A particularly raucous roll in 1876 took a sulfurous toll on the Capitol grounds, and Congress fought back. Citing an inadequate landscaping budget, it passed a law forbidding the grounds from being “used as a children’s playground,” starting in 1877. While that year’s egg roll was rained out anyway, President Hayes saved the day the following year by opening the White House grounds for the occasion.
The games have changed over the years, from egg picking (hitting another hard-boiled egg with your own, hoping to crack the other egg without cracking yours) to egg croquet (in which hollowed eggshells are propelled through croquet hoops — very carefully — using fans). Today’s most popular event, the egg race, wasn’t introduced until 1974, by the Nixons.
And while egg rolling may have fallen out of favor in general, the White House egg roll never has; in fact, it’s the largest annual event held at the White House. These days, with demand outpacing lawn space, attendance is determined by lottery. But it has always drawn a diverse crowd, as an 1898 news report attests, proclaiming: “All sorts and conditions of children find their way to the president’s grounds to enjoy Easter Monday. Some of the children are beautifully dressed in silks and laces and have French nurses to watch over them and carry their eggs for them, while other little ones are dressed in very shabby garments with elbows out and toes peeping from their little shoes.”
(A 1902 report adds that, “The white and the negro leave questions of race domination rest for the day and mingle democratically.” And while gay and lesbian couples weren’t sure that their families were truly welcome at George W. Bush’s egg rolls, Obama formally welcomed them in 2009.)

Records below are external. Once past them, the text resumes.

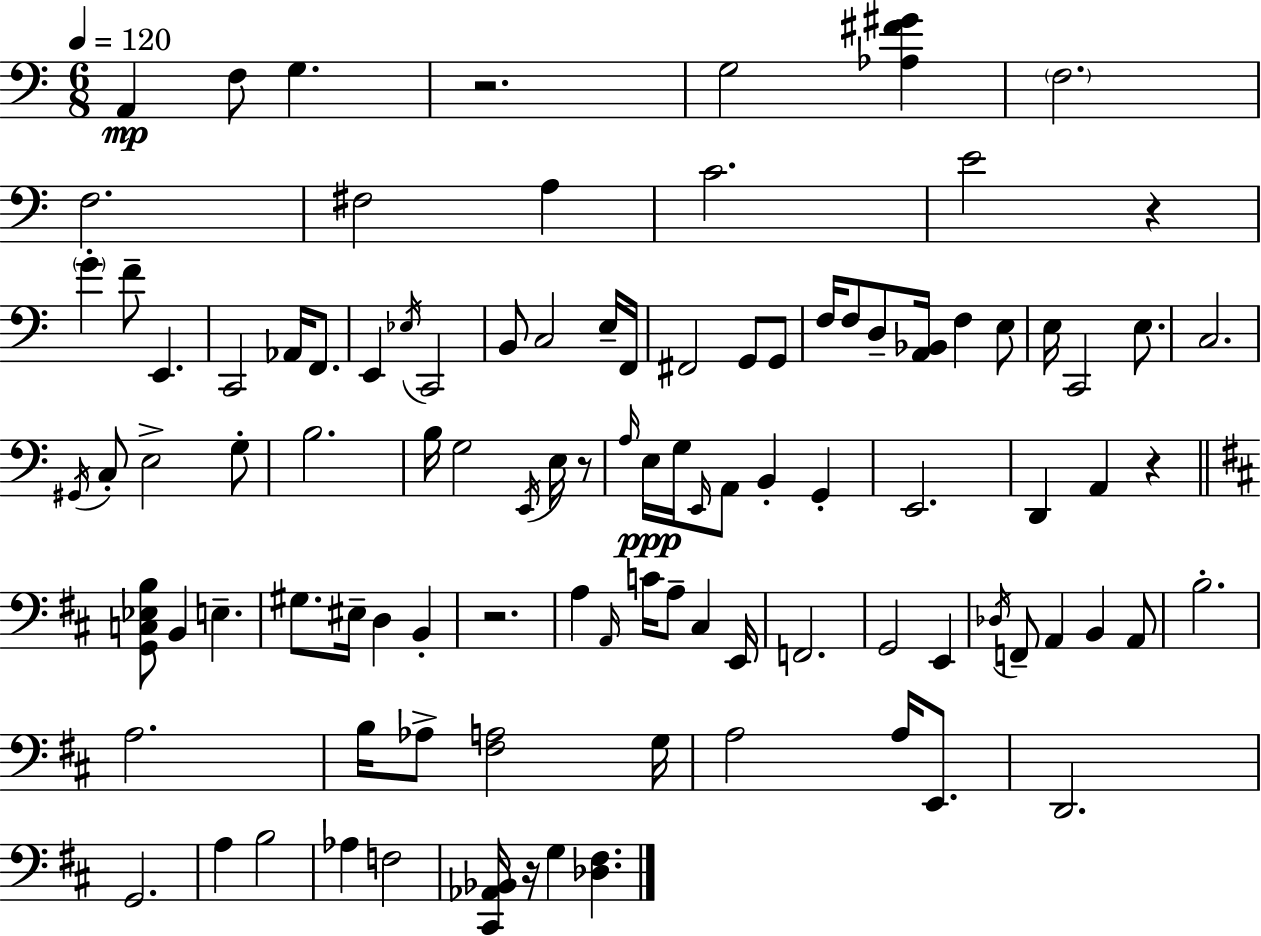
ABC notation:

X:1
T:Untitled
M:6/8
L:1/4
K:C
A,, F,/2 G, z2 G,2 [_A,^F^G] F,2 F,2 ^F,2 A, C2 E2 z G F/2 E,, C,,2 _A,,/4 F,,/2 E,, _E,/4 C,,2 B,,/2 C,2 E,/4 F,,/4 ^F,,2 G,,/2 G,,/2 F,/4 F,/2 D,/2 [A,,_B,,]/4 F, E,/2 E,/4 C,,2 E,/2 C,2 ^G,,/4 C,/2 E,2 G,/2 B,2 B,/4 G,2 E,,/4 E,/4 z/2 A,/4 E,/4 G,/4 E,,/4 A,,/2 B,, G,, E,,2 D,, A,, z [G,,C,_E,B,]/2 B,, E, ^G,/2 ^E,/4 D, B,, z2 A, A,,/4 C/4 A,/2 ^C, E,,/4 F,,2 G,,2 E,, _D,/4 F,,/2 A,, B,, A,,/2 B,2 A,2 B,/4 _A,/2 [^F,A,]2 G,/4 A,2 A,/4 E,,/2 D,,2 G,,2 A, B,2 _A, F,2 [^C,,_A,,_B,,]/4 z/4 G, [_D,^F,]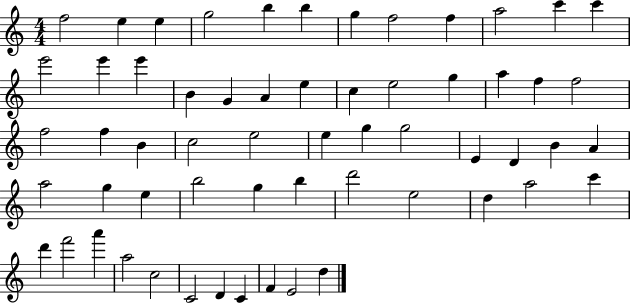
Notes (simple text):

F5/h E5/q E5/q G5/h B5/q B5/q G5/q F5/h F5/q A5/h C6/q C6/q E6/h E6/q E6/q B4/q G4/q A4/q E5/q C5/q E5/h G5/q A5/q F5/q F5/h F5/h F5/q B4/q C5/h E5/h E5/q G5/q G5/h E4/q D4/q B4/q A4/q A5/h G5/q E5/q B5/h G5/q B5/q D6/h E5/h D5/q A5/h C6/q D6/q F6/h A6/q A5/h C5/h C4/h D4/q C4/q F4/q E4/h D5/q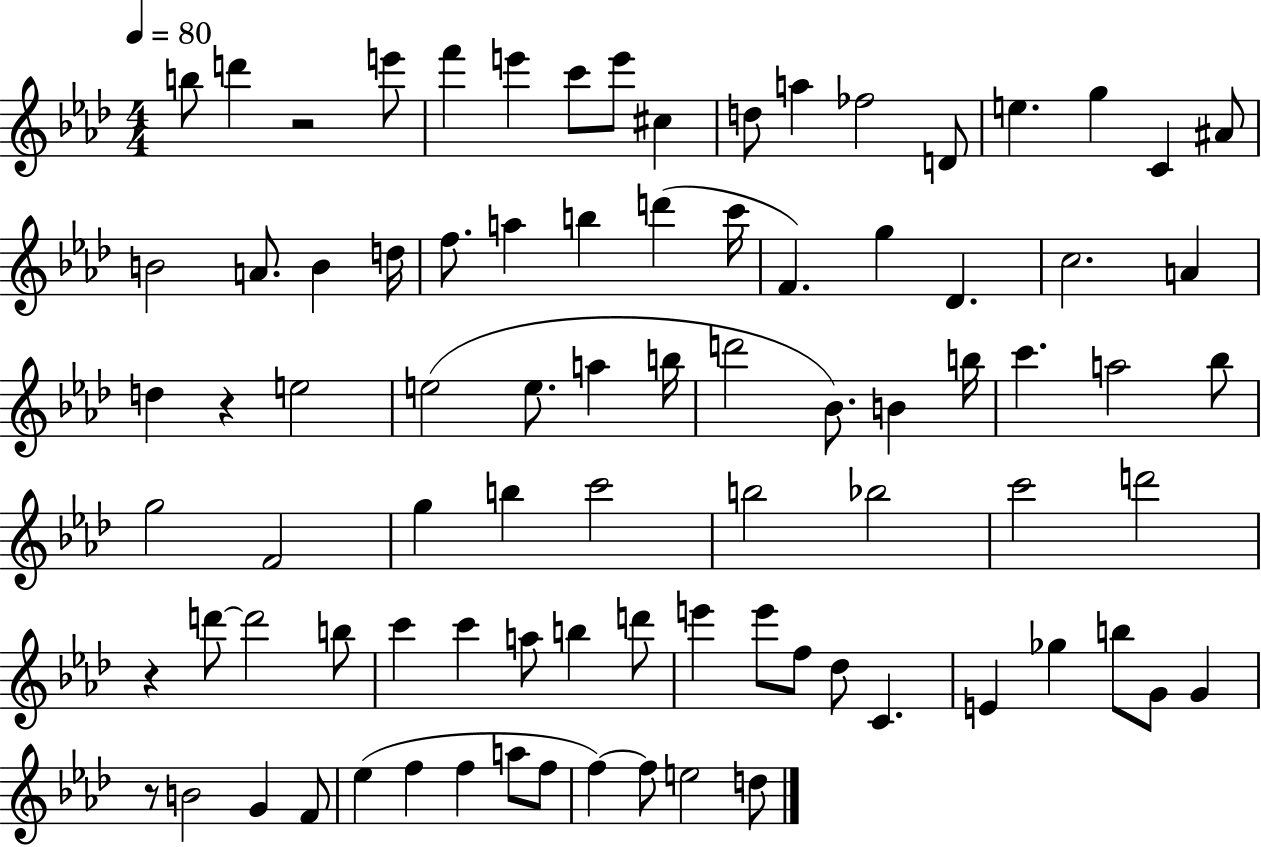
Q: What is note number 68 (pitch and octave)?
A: B5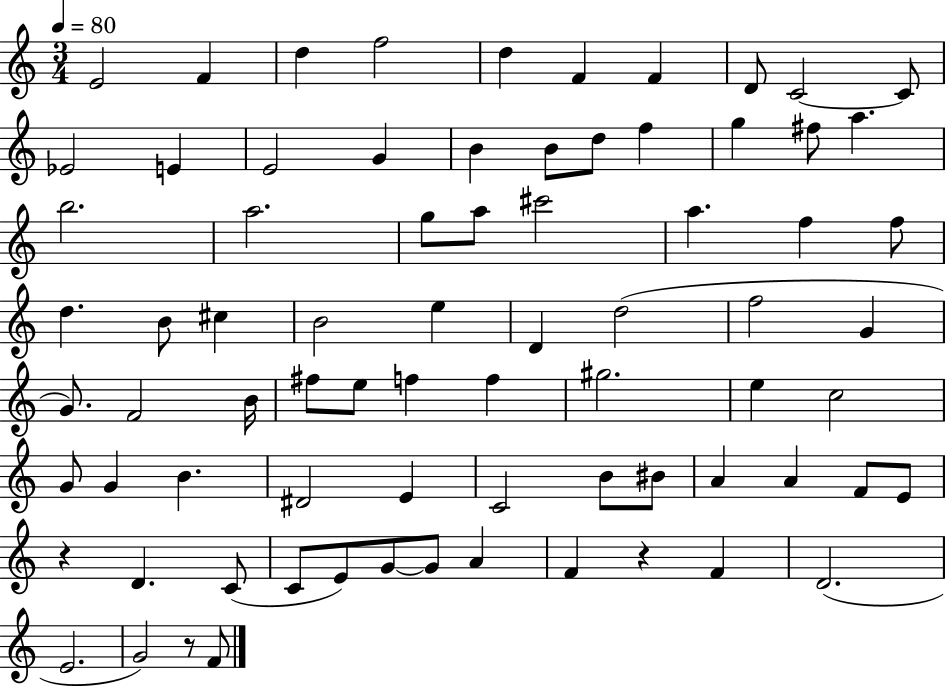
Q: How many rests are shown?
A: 3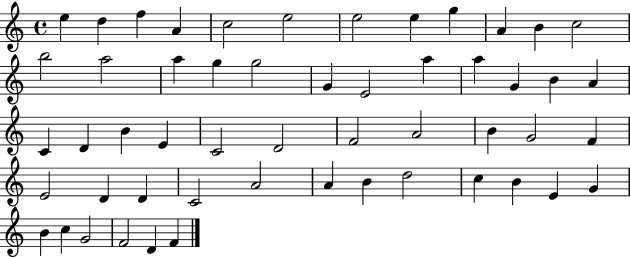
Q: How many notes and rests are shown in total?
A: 53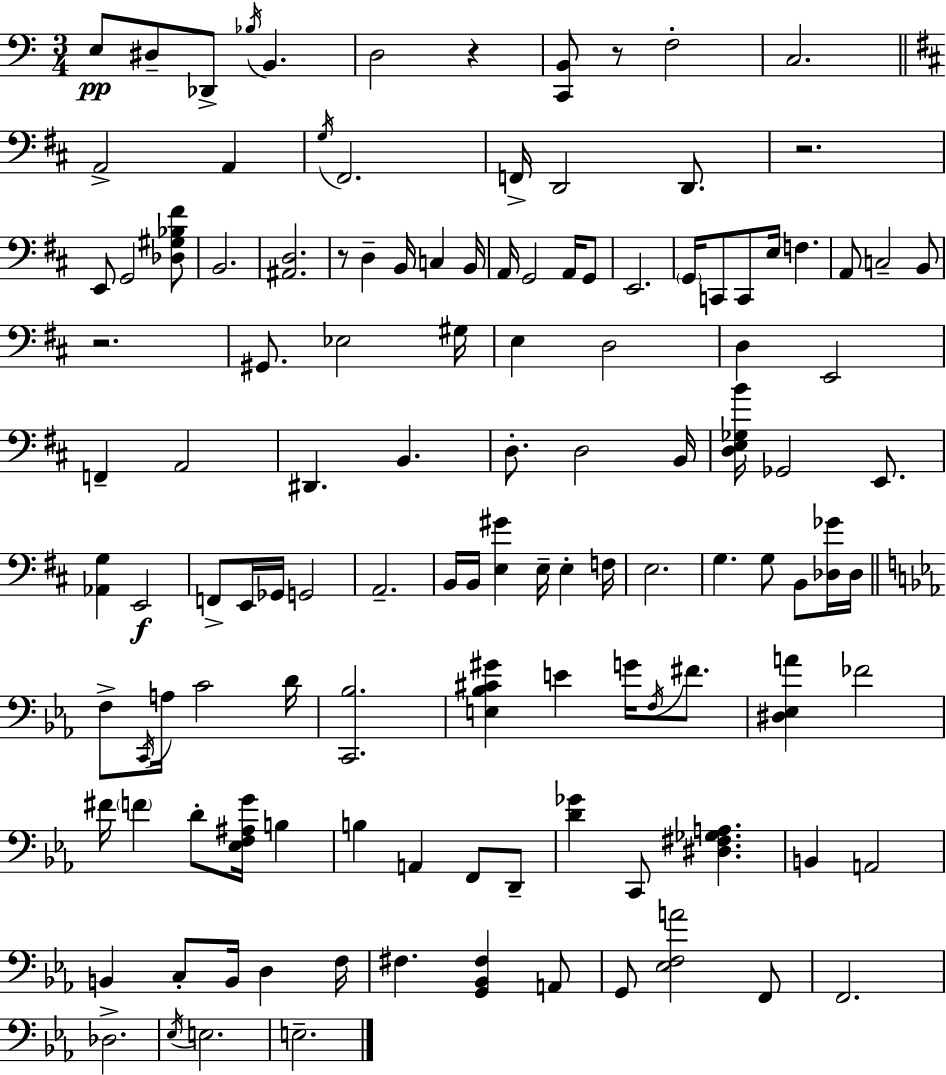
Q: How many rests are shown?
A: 5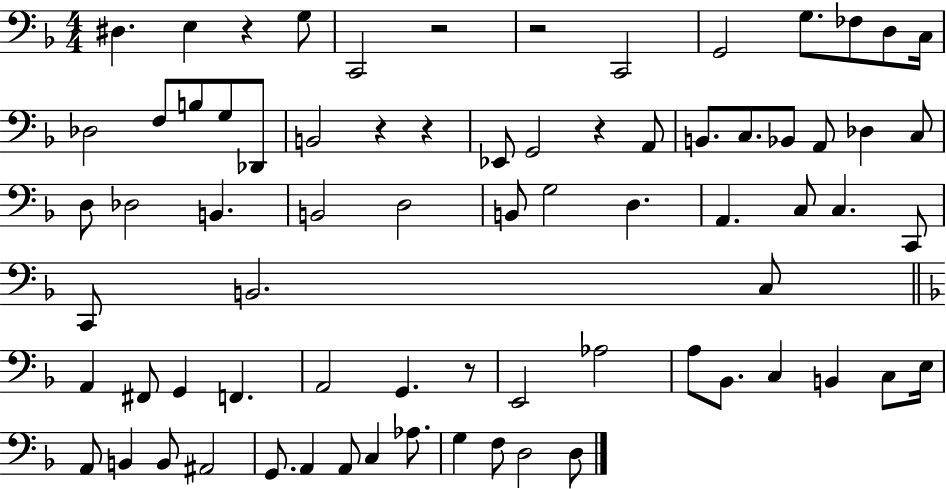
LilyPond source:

{
  \clef bass
  \numericTimeSignature
  \time 4/4
  \key f \major
  dis4. e4 r4 g8 | c,2 r2 | r2 c,2 | g,2 g8. fes8 d8 c16 | \break des2 f8 b8 g8 des,8 | b,2 r4 r4 | ees,8 g,2 r4 a,8 | b,8. c8. bes,8 a,8 des4 c8 | \break d8 des2 b,4. | b,2 d2 | b,8 g2 d4. | a,4. c8 c4. c,8 | \break c,8 b,2. c8 | \bar "||" \break \key f \major a,4 fis,8 g,4 f,4. | a,2 g,4. r8 | e,2 aes2 | a8 bes,8. c4 b,4 c8 e16 | \break a,8 b,4 b,8 ais,2 | g,8. a,4 a,8 c4 aes8. | g4 f8 d2 d8 | \bar "|."
}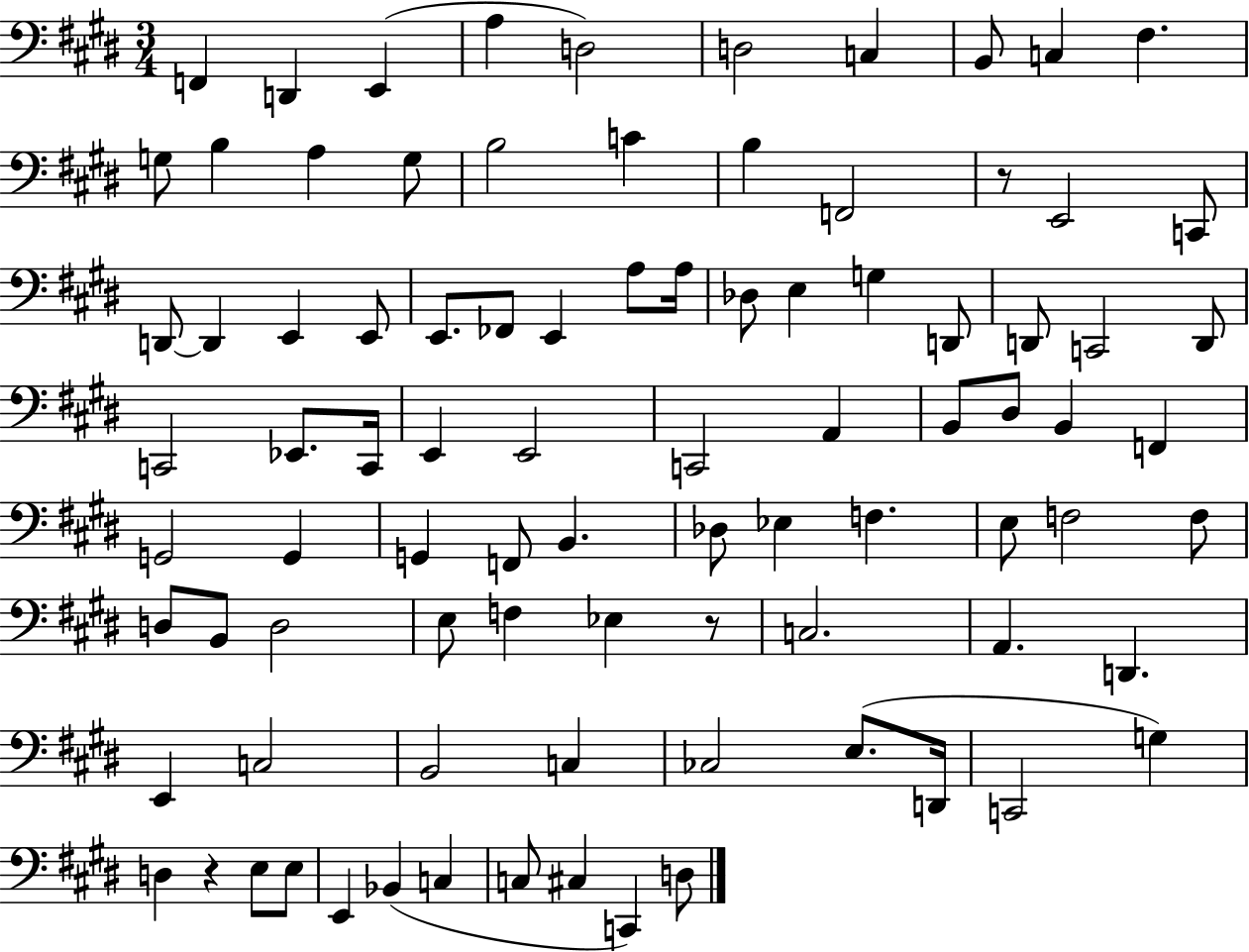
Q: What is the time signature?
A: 3/4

One thing that hasn’t changed, however, is the mess. What the Capitol groundskeepers refused to do, the White House lawn crew has down to a science, as TIME reported in 1953, when President Eisenhower revived the tradition 12 years after it was suspended for World War II.
“The Eisenhowers really didn’t know what to expect,” TIME wrote, “but the gardeners began a week in advance preparing for the worst, installing storm fences, comfort stations and drinking fountains.”
The egg roll itself turned the South Lawn into a child-sized war zone that would take weeks to clean up, the story added: “By noon, the grounds were a dreadful mass of mashed eggs, gooey chocolate marshmallow, melting jelly beans and picnic midden. Most unexpected casualty: a press photographer lost both shoes.”